Eine 72-jährige Patientin, bei der bisher keine ernsthaften Vorerkrankungen bekannt sind, erkrankt an einem unkomplizierten Harnwegsinfekt. Es wird eine fünftägige Therapie mit der Kombination Trimethoprim/Sulfamethoxazol eingeleitet. Darunter bilden sich die Beschwerden relativ rasch zurück.
Einige Tage später entwickeln sich fleckige, konfluierende Rötungen im Bereich beider Beine, die etwas erhaben erscheinen und zu ausgedehnten Plaques mit flammender Röte konfluieren. Fieber besteht nicht und auch die Entzündungsparameter sind nicht wesentlich erhöht. Da die Patientin angibt, die Beine regelmäßig mit Franzbanntwein einzureiben, wird neben einer Infektion i.S. eines Erysipels auch an ein allergisches Ekzem gedacht; doch der fehlende Juckreiz spricht eher dagegen.
Im proximalen Randbereich der flächigen Rötung finden sich kleine umschriebene erhabene, fleckige Rötungen im Sinne einer Purpura. Dieser Befund spricht für das Vorliegen einer Vaskulitis, genauer gesagt eine kutane leukozytoklastische Vaskulitis. Nach Gabe von Kortison beginnend mit 100 mg in rasch ausschleichender Dosierung bildet sich die Rötung innerhalb von zwei Wochen fast vollständig zurück.
Die leukozytoklastische Vaskulitis ist eine Vaskulitis der kleinen Gefäße, nämlich der Kapillaren und vor allem der Venolen. Ausgelöst wird das Krankheitsbild durch im Blut zirkulierende Immunkomplexe, die sich an die Gefäßwand anlagern und hier das Komplementsystem aktivieren. Dadurch wird die Gefäßpermeabilität erhöht und es setzt eine granulozytäre Chemotaxis ein. Die angelockten, vorwiegend eosinophilen und neutrophilen Granulozyten entleeren ihre Lysosomen und verstärken somit den Entzündungsprozess mit konsekutiver Gewebsschädigung.
Das Spektrum der auslösenden Ursachen bei einer solchen Vaskulitis ist breit. Es reicht von Autoimmunerkrankungen wie rheumatoider Arthritis bzw. Lupus erythomatodes über bakterielle und virale Infektionen bis hin zu Medikamenten. Die häufigsten Vaskulitis auslösenden Substanzen sind Penicilline, Sulfonamide, Thiazide, Allopurinol, Phenytoin und nicht-steroidale Antirheumatika. Aber auch maligne Grunderkrankungen können in Form eines paraneoplastischen Syndroms zu dieser Hautkomplikation führen. Bei fehlender Ursache spricht man von einer idiopathischen Vaskulitis.
Die charakteristische Hautveränderung bei der leukozytoklastischen Vaskulitis ist die tastbare Purpura. Dabei handelt es sich um erhabene erythematöse nicht wegdrückbare Papeln, die zu größeren Plaques konfluieren können. Darüber hinaus können Nekrosen und Ulcerationen auftreten.

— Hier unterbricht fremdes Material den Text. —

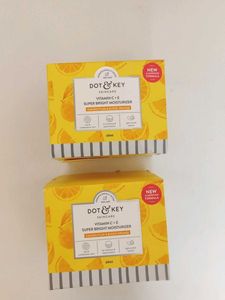 2 Dot &amp; Key Vitamin C Moisturizer Seal Packed
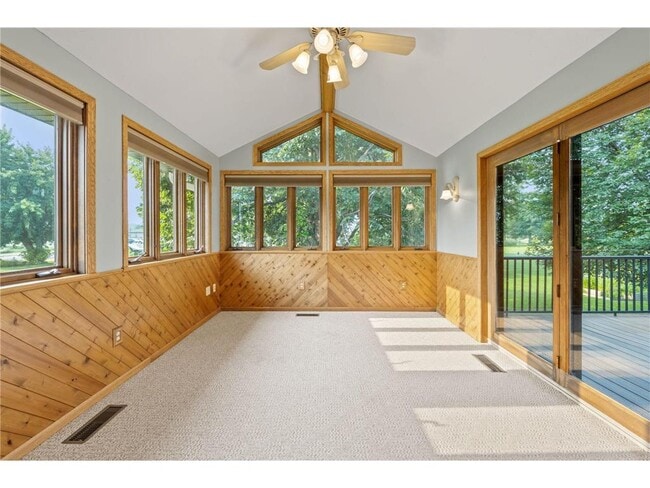 Building Photo - 1008 3rd St NE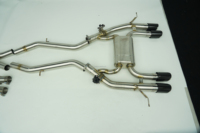 Knalpot Catback Z-pipe untuk BMW G8X (G80 M3, G82/G83 M4) dan G87 M2 Menampilkan Tata Letak Internal yang Sama Panjang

Besonders betroffen sind die durch hydrostatische Hämostase prädisponierten unteren Extremitäten sowie die Glutealregion bei bettlägerigen Patienten. Dagegen sind Gesicht, Handteller und Schleimhäute nur selten betroffen. Die Hautveränderungen können über einige Wochen persistieren und dann mit vorübergehender Hyperpigmentation, aber auch unter Narbenbildung abheilen. Wird eine Hautbiopsie entnommen, so finden sich typischerweise entzündliche Infiltrate in der Dermis mit Granulozyten aber auch Lymphozyten, darüber hinaus aus Nekrosen an den Blutgefäßen mit sekundärer Fibrinablagerung und Blutungen in das perivaskuläre Gewebe. Durch Spezialfärbungen können evtl. auch Immunkomplexe an den Gefäßwänden nachgewiesen werden.
Soweit eine krankheitsauslösende Ursache vorliegt, sollte diese beseitigt werden. Dazu gehört z.B. das Absetzen eines Medikaments oder die antibiotische Therapie bei Infektionen. Ansonsten empfiehlt sich bei leichteren Formen ein Antihistaminikum oder Colchizin, bei schwereren Verlaufsformen sind systemische Glukokortikoide evtl. auch Azathioprin oder Cyclophosphamid indiziert.
Bei einer plötzlich einsetzenden flammenden Rötung im Bereich beider Unterschenkel sollte immer an eine leukozytoklastische Vaskulitis gedacht werden, die durch Infektionen, Medikamente oder Autoimmunerkrankungen ausgelöst werden kann. Schon mittels klinischem Befund gelingt in den meisten Fällen die eindeutige Abgrenzung gegenüber einem Erysipel oder einem allergischen Kontaktekzem.